Keeping your enemies in your prayers
Well last night I decided to go hang out with Walmart 2 and his friends at the bowling alley. It was nice besides the fact that I had a headache that ive had for the last 5 days. He was nice and I never even realized that his booty was so big! OMG! So I took him and his friend home and came home to lay down and know immediately I wasnt going to work this morning. So I ate my leftover chinese food from lunch that I didnt eat and went to bed. I checked my voicemail and it was a message from Satan talking mess as usual. My first thought was to call him back and spit some very hateful venom his way but I thought thats exactly what the cunt wants me to do so I aint gone do it. Matter fact I aint even gone call him back about what he was telling me. Every time I hear his voice or hear/ see his name I think about him dying.

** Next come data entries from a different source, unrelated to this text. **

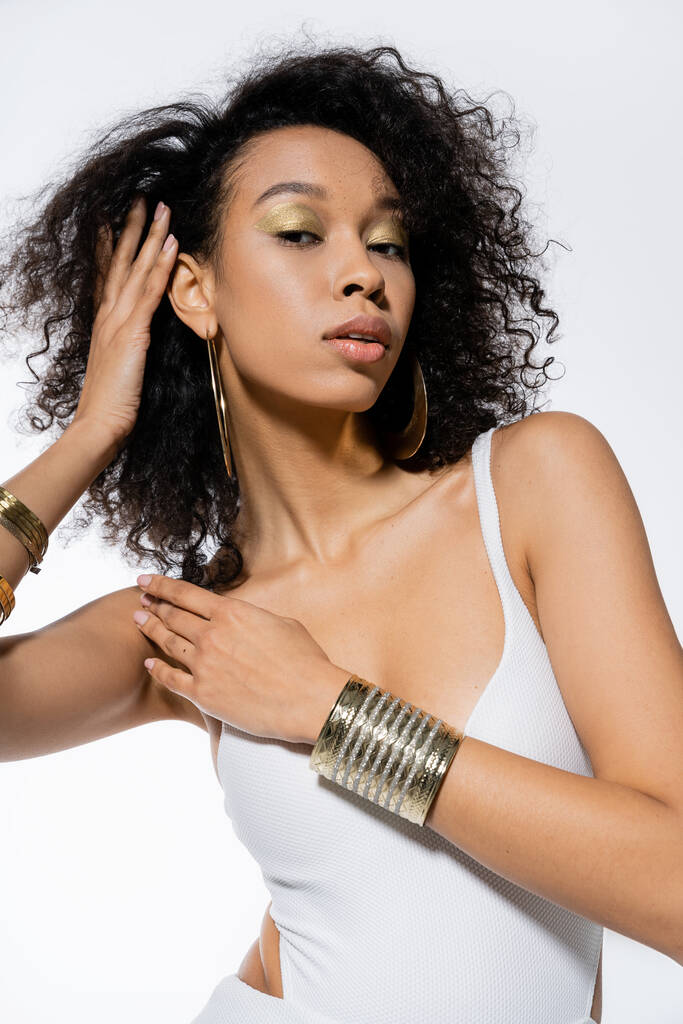 Giyinik ve aksesuarlı modacı Afro-Amerikan modeli gri renkli kameraya bakıyor.  - Fotoğraf, Görsel
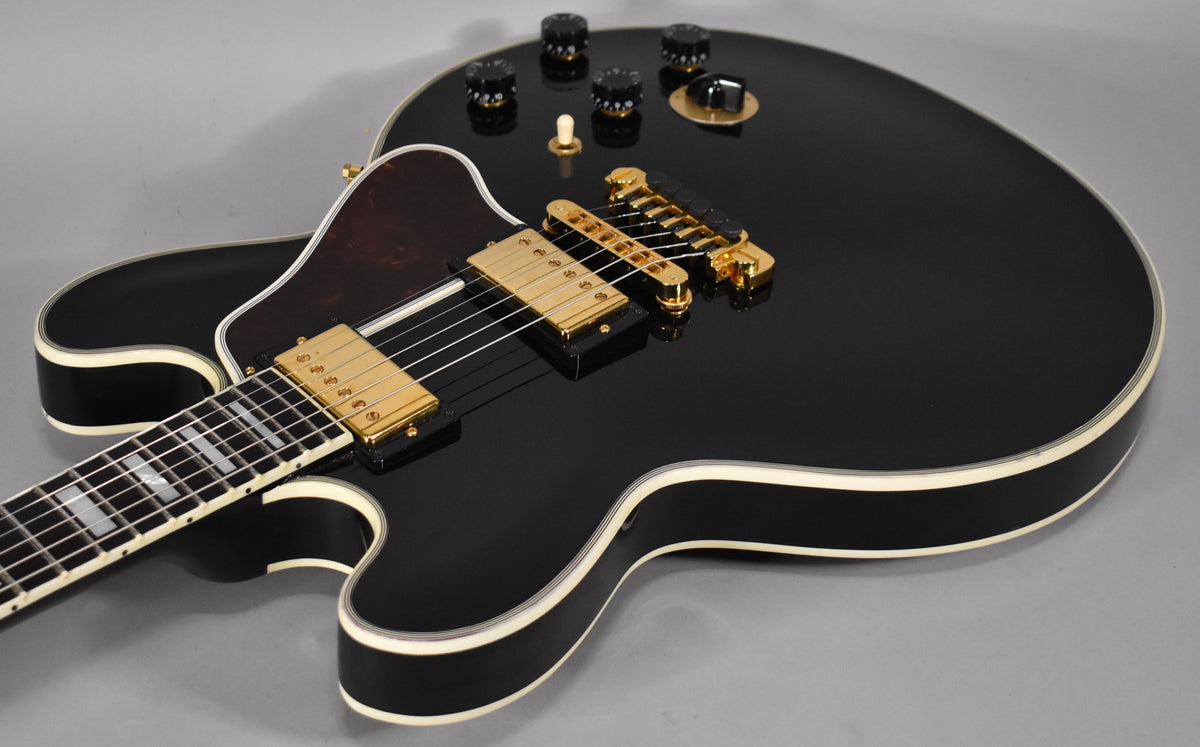 Close-up of a glossy black hollow-body guitar with gold hardware, showing the lower bout, pickups, bridge, and part of the fretboard.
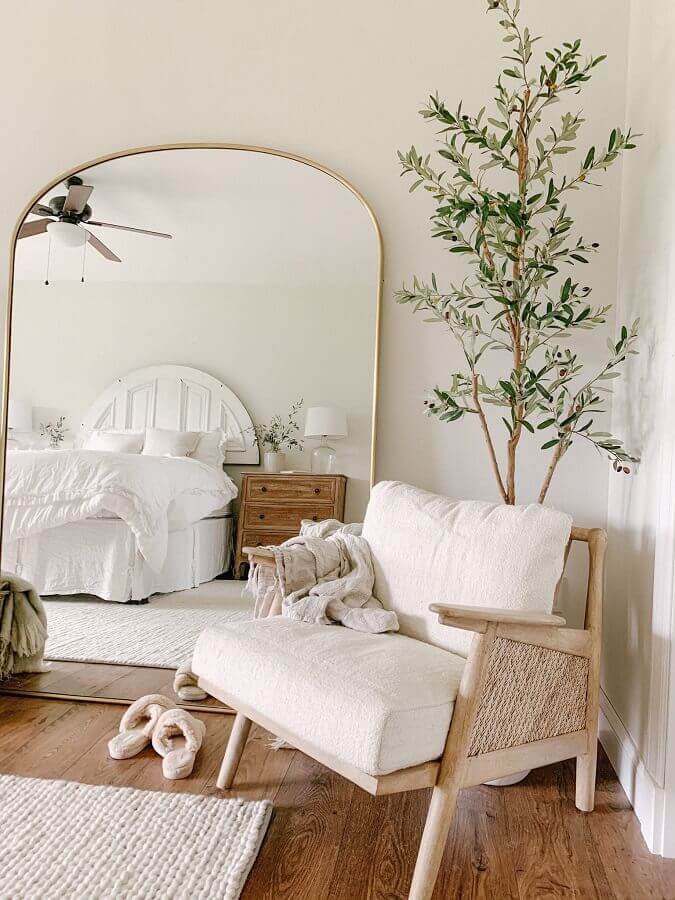 Espelho grande no quarto decorado em cores claras com poltrona de madeira Foto Home Decor Ideas
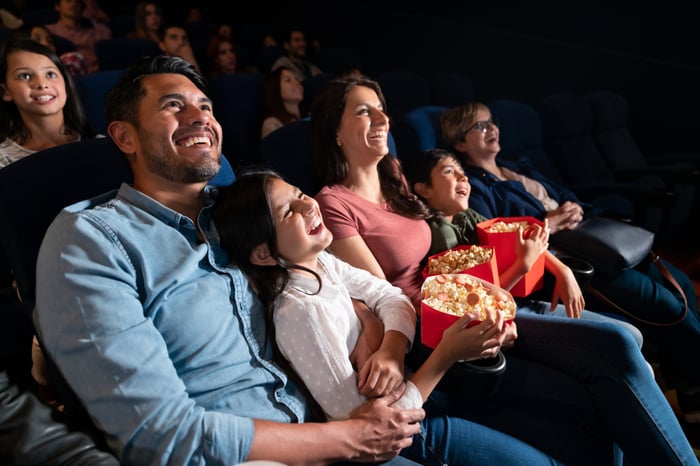 Adults and children in a movie theater.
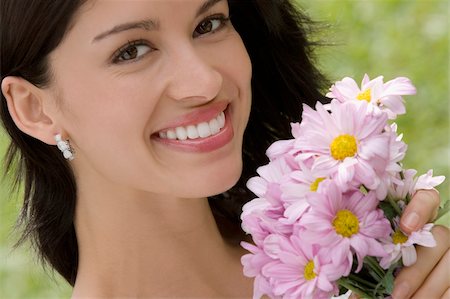 Portrait of a young woman holding a bouquet of flowers and smiling Foto de stock - Sin royalties Premium, Código: 625-02931124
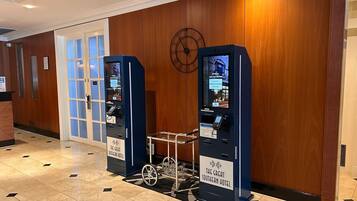 A hotel lobby with a reception desk, a self-service kiosk, and a luggage cart.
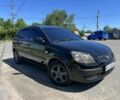 Черный Киа Рио, объемом двигателя 1.4 л и пробегом 240 тыс. км за 5200 $, фото 1 на Automoto.ua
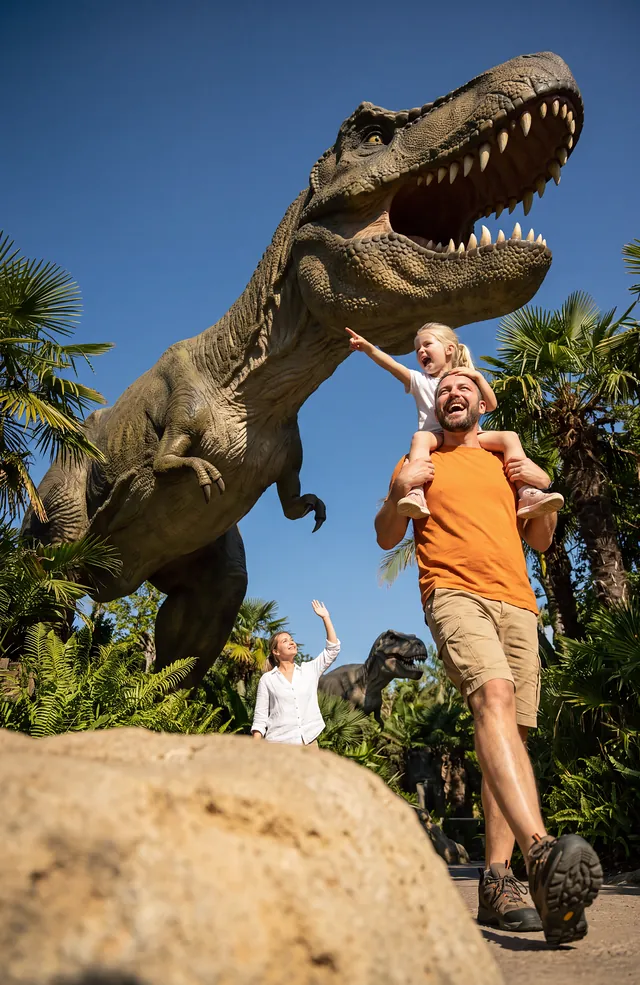 A father and child beside a life-size dinosaur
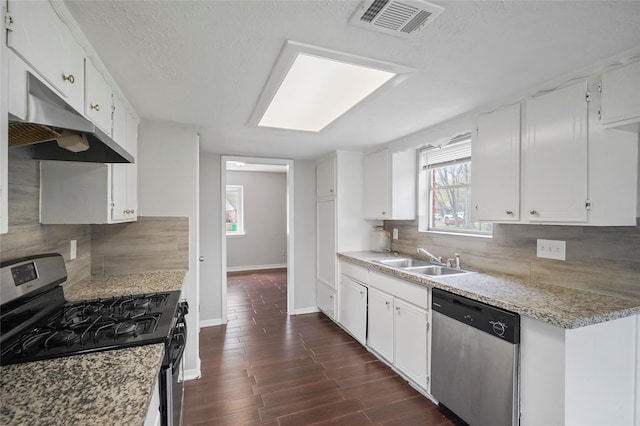 2251 Middle Creek Dr, Houston, TX 77339 - kitchen with appliances with stainless steel finishes, a sink, under cabinet range hood, decorative backsplash, and white cabinetry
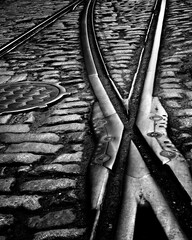 Vintage iron train tracks and manhole covers contrast with granite paving 1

So I begin to pray for him because LORD does he need it and to remove the hate out of my heart for him. He was supposed to call and leave me a message about the Chicago bloggers getting together but instead Satan left me a couple minutes worth of message minding my business telling me what i'm doing which he doesn't have a clue about. I've learned that if people had lives and mind their own business the world would be a better place. I didn't ask anyone to be concerned about whatever it is that im doing cause im grown and dont need anyones approval. So I will continue to pray for him and cease contact with him because he is an ignorant asshole, very book smart, but ignorant in every other way. GOD BLESS HIM! ............................. I've come up with a solution to curb what people can say about me or even know about me. #1 to ignore people who want to be ignorant #2 stop giving people something to talk about such telling them whats going on in my life #3 continuing to have little to no contact with everyone. I will continue to pray for Satan because it is my belief that he is upset because he aint even a number in my 50 men as he puts it. I dont even want him to be the dirt under my shoe. Somethings never change and Cash thinks I should be nice! HA! Thats his friend! We were never make amends, will never get along, and will never talk or spend time together. Even if that means me not attending the Chitown Bloggers meet and greet in June.
1 Comments:
I didn't even know that there is a meeting in June. Why so late, I don't understand...but don't let one monkey stop the show for you. You should attend. I am and I had major beef with one of the bloggers in December. His presence will not phase me because I know he would rather be me than himself.